Pharmacy Act 2007

Qualifications for practice.

16.— (1) A person holds a qualification appropriate for practice if he or she has received in the State the prescribed training and education and has the prescribed qualifications.

(2) A person applying for registration in the pharmacists’ register who does not hold a qualification appropriate for practice as a pharmacist by virtue of subsection (1) shall be regarded as having a qualification appropriate for practice if—

(a) he or she is a national of a relevant state and satisfies the Council as to one of the requirements set out in subsections(3) to (5), or

(b) he or she has, in a third country received such training and education, passed such examinations and obtained such qualifications as are, in the opinion of the Council, of a standard not lower than the standard of those necessary for practice in the State.

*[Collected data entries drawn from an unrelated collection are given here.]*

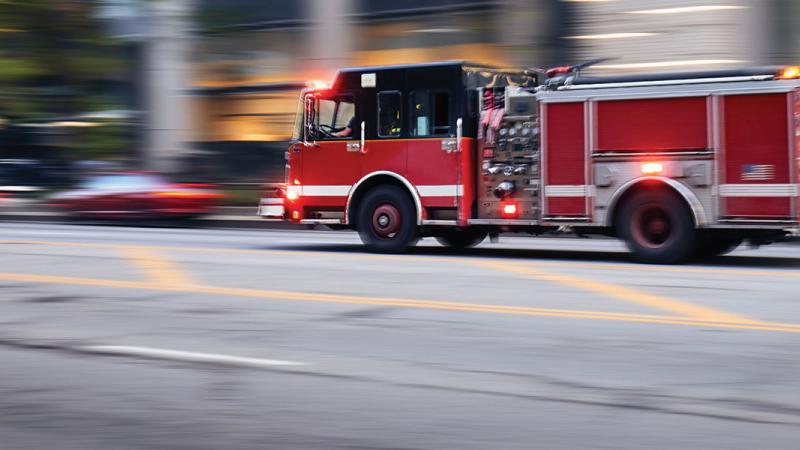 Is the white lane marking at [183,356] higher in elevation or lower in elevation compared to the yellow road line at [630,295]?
higher

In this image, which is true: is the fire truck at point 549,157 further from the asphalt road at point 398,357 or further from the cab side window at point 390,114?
the asphalt road at point 398,357

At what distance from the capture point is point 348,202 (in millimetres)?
15531

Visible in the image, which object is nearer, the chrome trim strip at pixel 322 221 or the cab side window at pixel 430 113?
the cab side window at pixel 430 113

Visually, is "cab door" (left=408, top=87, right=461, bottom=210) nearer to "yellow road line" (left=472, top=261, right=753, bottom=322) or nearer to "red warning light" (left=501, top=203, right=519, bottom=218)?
"red warning light" (left=501, top=203, right=519, bottom=218)

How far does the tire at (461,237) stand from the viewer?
1567 centimetres

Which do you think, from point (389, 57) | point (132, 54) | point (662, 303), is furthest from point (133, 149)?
point (662, 303)

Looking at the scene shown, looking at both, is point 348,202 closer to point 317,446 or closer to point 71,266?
point 71,266

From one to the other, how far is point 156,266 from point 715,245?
6660mm

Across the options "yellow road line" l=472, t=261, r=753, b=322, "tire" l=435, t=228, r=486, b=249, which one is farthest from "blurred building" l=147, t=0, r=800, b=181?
"yellow road line" l=472, t=261, r=753, b=322

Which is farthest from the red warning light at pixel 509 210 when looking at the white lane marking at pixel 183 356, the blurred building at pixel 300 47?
the blurred building at pixel 300 47

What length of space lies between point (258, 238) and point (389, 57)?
10.8 m

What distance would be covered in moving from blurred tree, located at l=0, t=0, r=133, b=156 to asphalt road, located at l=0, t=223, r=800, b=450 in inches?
973

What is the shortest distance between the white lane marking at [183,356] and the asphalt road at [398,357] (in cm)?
2

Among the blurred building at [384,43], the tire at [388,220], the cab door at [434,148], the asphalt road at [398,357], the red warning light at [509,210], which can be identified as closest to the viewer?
the asphalt road at [398,357] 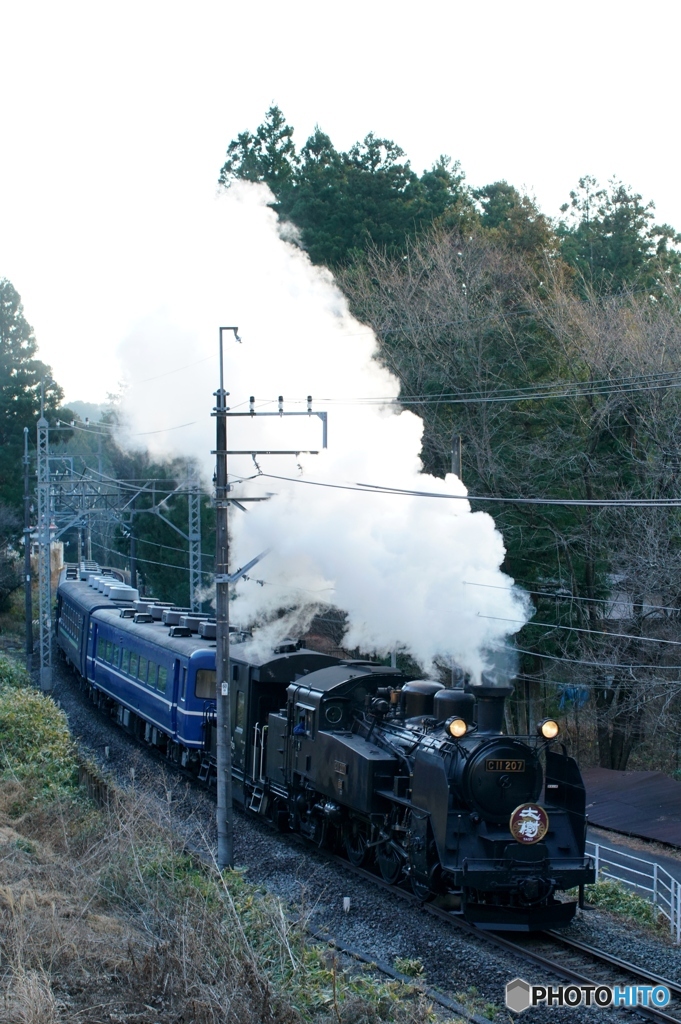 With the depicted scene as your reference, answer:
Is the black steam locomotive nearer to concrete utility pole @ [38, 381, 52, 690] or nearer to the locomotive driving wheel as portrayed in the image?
the locomotive driving wheel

(3) The first of the requirements referred to in subsection (2)(a) is that the person holds a diploma, certificate or other evidence of formal qualification in pharmacy awarded after training in accordance with Article 44 of the Professional Qualifications Directive and referred to in Annex V, point 5.6.2 to that Directive.

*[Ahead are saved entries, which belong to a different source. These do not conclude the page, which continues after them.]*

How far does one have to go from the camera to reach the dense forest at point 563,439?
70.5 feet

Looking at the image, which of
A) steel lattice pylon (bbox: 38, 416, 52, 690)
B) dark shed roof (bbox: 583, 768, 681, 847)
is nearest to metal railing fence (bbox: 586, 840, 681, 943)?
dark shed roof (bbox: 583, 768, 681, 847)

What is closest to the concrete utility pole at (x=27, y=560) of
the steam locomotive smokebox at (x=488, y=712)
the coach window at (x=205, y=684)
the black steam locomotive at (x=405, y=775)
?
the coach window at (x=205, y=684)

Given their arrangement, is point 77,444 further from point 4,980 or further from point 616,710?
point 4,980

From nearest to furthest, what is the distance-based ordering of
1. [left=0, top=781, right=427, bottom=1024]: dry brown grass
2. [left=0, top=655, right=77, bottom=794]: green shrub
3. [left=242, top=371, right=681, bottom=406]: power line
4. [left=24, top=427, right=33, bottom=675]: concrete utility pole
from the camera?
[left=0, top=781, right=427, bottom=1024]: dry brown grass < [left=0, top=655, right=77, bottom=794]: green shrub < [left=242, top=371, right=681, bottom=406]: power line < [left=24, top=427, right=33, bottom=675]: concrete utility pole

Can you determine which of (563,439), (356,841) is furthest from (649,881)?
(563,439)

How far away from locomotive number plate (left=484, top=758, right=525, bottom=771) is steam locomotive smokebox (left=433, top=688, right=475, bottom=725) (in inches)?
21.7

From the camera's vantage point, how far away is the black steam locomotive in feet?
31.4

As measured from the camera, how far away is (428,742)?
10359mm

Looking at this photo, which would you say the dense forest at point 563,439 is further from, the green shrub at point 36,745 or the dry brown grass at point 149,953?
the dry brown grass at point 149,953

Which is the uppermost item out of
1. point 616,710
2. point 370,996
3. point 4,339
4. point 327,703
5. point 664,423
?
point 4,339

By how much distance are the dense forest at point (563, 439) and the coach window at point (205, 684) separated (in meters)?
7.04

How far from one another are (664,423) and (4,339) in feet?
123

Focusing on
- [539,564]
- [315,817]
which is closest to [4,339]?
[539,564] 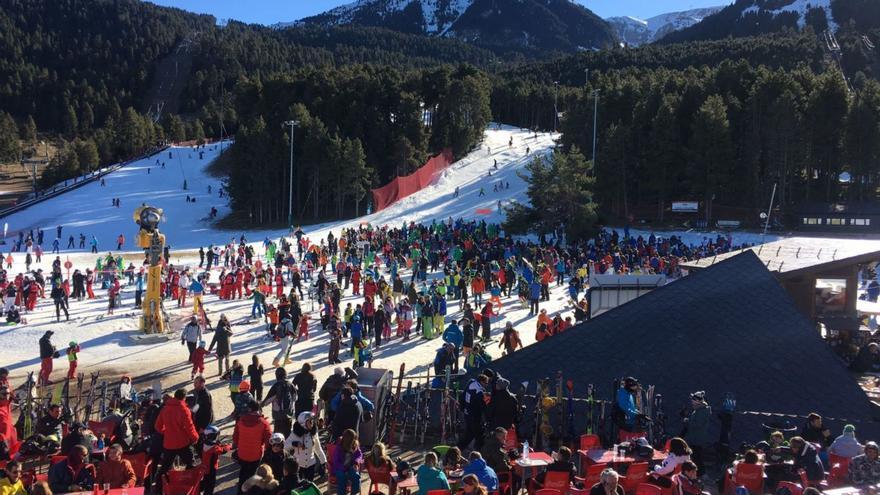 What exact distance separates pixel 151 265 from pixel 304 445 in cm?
1214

(4) The second of those requirements is that the person holds evidence of the formal qualifications as a pharmacist referred to in Article 23 of the Professional Qualifications Directive and is a person in respect of whom a certificate has been issued by a competent authority stating that he or she has been effectively and lawfully engaged in the activities of a pharmacist for at least 3 consecutive years during the 5 years before the issue of the certificate.

(5) The third of those requirements is that the person—

(a) holds a diploma, certificate or other evidence of formal qualification as a pharmacist granted by a competent authority of a third country, and the diploma, certificate or other evidence has been recognised by a relevant state for the purpose of being a pharmacist in that state, and

(b) has experience, of at least three years, of practising as a pharmacist in that state certified in accordance with Article 3.3 of the Professional Qualifications Directive.

(6) The Council may—

(a) so as to inform itself for the purposes of subsection (2)(b) about the standard of training, education, examinations and qualifications in another state, require a person to whom that provision appears to apply to sit an examination,

(b) in any case in which it is in any doubt about a matter referred to in that provision, require a person to whom that provision appears to apply to undergo such training as it may specify.

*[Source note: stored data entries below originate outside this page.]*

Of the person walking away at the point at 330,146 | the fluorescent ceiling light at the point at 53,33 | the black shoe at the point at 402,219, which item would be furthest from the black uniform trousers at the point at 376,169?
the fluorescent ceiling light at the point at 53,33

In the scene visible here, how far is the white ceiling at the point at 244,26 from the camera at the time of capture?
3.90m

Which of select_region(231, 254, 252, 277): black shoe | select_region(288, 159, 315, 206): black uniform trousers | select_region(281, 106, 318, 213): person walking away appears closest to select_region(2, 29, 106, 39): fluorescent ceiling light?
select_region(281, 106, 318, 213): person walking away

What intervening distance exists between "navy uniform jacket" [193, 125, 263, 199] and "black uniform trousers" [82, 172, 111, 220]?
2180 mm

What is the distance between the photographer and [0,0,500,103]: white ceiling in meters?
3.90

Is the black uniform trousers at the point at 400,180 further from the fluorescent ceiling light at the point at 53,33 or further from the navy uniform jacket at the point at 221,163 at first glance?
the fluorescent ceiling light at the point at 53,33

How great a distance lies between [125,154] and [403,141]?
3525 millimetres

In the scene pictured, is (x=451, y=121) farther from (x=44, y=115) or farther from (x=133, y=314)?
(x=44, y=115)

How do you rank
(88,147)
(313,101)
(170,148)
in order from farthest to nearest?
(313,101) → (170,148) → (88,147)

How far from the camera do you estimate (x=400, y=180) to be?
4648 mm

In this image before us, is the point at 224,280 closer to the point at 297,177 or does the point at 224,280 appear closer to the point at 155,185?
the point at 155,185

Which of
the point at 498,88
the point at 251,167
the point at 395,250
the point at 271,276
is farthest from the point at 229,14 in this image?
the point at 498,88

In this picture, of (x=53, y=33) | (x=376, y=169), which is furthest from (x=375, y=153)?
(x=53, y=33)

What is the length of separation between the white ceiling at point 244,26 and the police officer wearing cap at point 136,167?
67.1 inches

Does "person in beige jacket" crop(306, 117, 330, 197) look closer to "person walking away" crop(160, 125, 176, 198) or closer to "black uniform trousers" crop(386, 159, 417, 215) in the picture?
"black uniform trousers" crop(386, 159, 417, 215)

(7) Schedule 2 makes further provision as to the recognition of professional qualifications in pharmacy.

(8) In this section—

“competent authority” means, in relation to a relevant state, the authority designated in accordance with Article 56.3 of the Professional Qualifications Directive;

“Professional Qualifications Directive” means Directive 2005/36/EC of 7 September 2005 on the recognition of professional qualifications as amended by Council Directive 2006/100/EC of 20 November 2006 adapting certain Directives in the field of freedom of movement of persons by reason of the accession of Bulgaria and Romania;

“relevant state” means—

(a) a Member State (other than the State),

(b) a state that is a contracting state to the EEA Agreement within the meaning given by the European Communities (Amendment) Act 1993 (other than a Member State or the State),

(c) the Swiss Confederation;

“third country” means a country that is not a relevant state or the State.

(9) An expression used in this section and also in the Professional Qualifications Directive has the same meaning in this section as it has in that Directive.